MIAMI—Jason Baker, principal at Baker Katz, has worked with the likes of Sprint, Best Buy OfficeMax, Party City, Gold's Gym, and many others over his retail leasing practice. Through these experience, he's gleaned insights into how to get the deal done.
GlobeSt.com caught up with Baker to get his take on how he approaches retail real estate leasing transactions, the biggest challenges he faces, how he overcomes them, and more in part two of this exclusive two-part interview. You can still go back and read part one, “Retail Guru Shares Three Words: Pent Up Demand.”
GlobeSt.com: How do you approach retail real estate leasing transactions? And is it any different than how other firms approach it?
Baker: We are always mining for ways to create value for our clients.
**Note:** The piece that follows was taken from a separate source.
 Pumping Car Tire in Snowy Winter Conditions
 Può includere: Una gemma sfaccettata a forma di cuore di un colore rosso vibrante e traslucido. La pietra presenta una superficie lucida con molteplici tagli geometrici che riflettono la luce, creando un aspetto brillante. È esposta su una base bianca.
The type of value and approach varies based on each client's needs, but is always geared toward getting them the best space for the best possible price.
GlobeSt.com: What are biggest challenges that you've come across handling retail real estate leasing transactions? Can you give me specific examples from deals?
Baker: Delivering on our client's demands for irreplaceable space has been the biggest challenge this year and I don't see that stopping anytime soon. Demand far outpaces supply right now, which has driven up the competition for space and therefore rent.
GlobeSt.com: How do you overcome those obstacles?
Baker: We maintain direct contact with both retailers and developers on a daily basis.
GlobeSt.com: What trends have you noticed in handling retail real estate leasing transactions?
Baker: Tenants and retailers are more open than ever before to accepting a sublease/assignment and paying “key money” to displace tenants.
GlobeSt.com: How do you expect the retail real estate market to change in 2014 and how will that impact how leasing transactions happen?
Baker: I expect to see some fall-out in the grocery segment as a natural side effect to the increased competition in the market. This will likely result in some closings, but I also believe that some of the big players may start coming together. Whether they align and merge or just begin absorbing vacant space, I can't be sure, but it is likely that we will begin to see this type of movement in the grocery segment.
In Houston specifically, two new power centers will begin construction in northwest Houston and Pearland, respectively. With this new development, we can expect more grocery store announcements, as well as some added retail space.